His expertise includes energy, economy and commerce, politics, development cooperation, democratisation and human rights.

He started his career as company lawyer with a steel multinational in The Netherlands (1973) and worked thereafter in the legal field and on national legislation in Surinam and Indonesia, before he joined the MFA of The Netherlands in 1980. At the Ministry he was deputy Head of the Aliens department (asylum, visa, minority policy,human rights).
Subsequently he served as a diplomat in different countries from 1986.

As ambassador in Baghdad (2009-2011) and acting Consul General in Erbil (July/August 2014, when Isis attacked Kurdistan) he was in the midst of the “Arab Spring” and its sequel.
He was Special Representative for Energy Security of the Ministry of Foreign Affairs (2006 – 2009), and had to deal with a variety of bilateral and multilateral energy policy matters.
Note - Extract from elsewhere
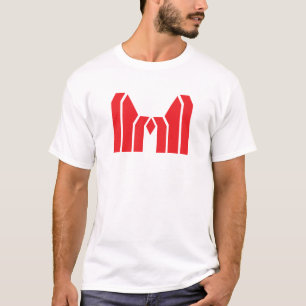 Rote geometrische Krone Buchstabe M T-Shirt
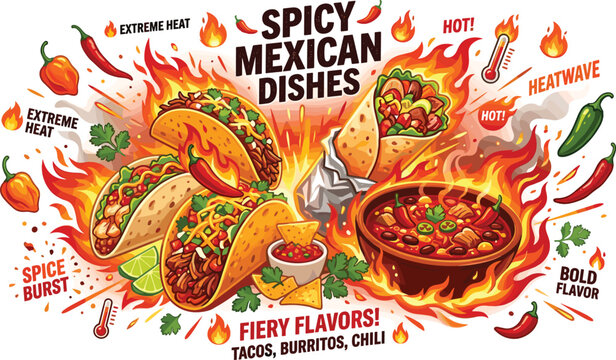 Vibrant Mexican dishes banner featuring spicy beef tacos wrapped burrito and burning chili bowl with red flames illustration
Ambassador to Kazakhstan (2002-2006 in Almaty and 2011-2013 in Astana), also covering Kyrgyzstan and Tajikistan. The social and economic evolution of this post-Soviet important Central Asian state/region provided in depth expertise with the challenges of democratisation, human rights and social equality.
Ambassador to Côte d’Ivoire (1998-2002) also covering Liberia, Guinea, Cameroun, Equatorial Guinea, Gabon and Sierra Leone. Political and economic developments in West Africa are both stagnant and dynamic, and require intense attention.
Consul-General in Frankfurt am Main (1994-1998: Establishment of the European Central Bank and the European Monetary Union). Monetary policy and commerce, while the “unification” of Germany played (plays) an important background role, also in social/economic relations.
Economic/Commercial Counsellor at the Embassy in Beijing (1990-1994), when the economic emergence and “opening up to the outside world” took off in China, while he started his diplomatic career as Deputy Head of Mission in The Philippines (1986-1990), right after the Marcos era in this fledgling democracy, supported by the Netherlands and the EU.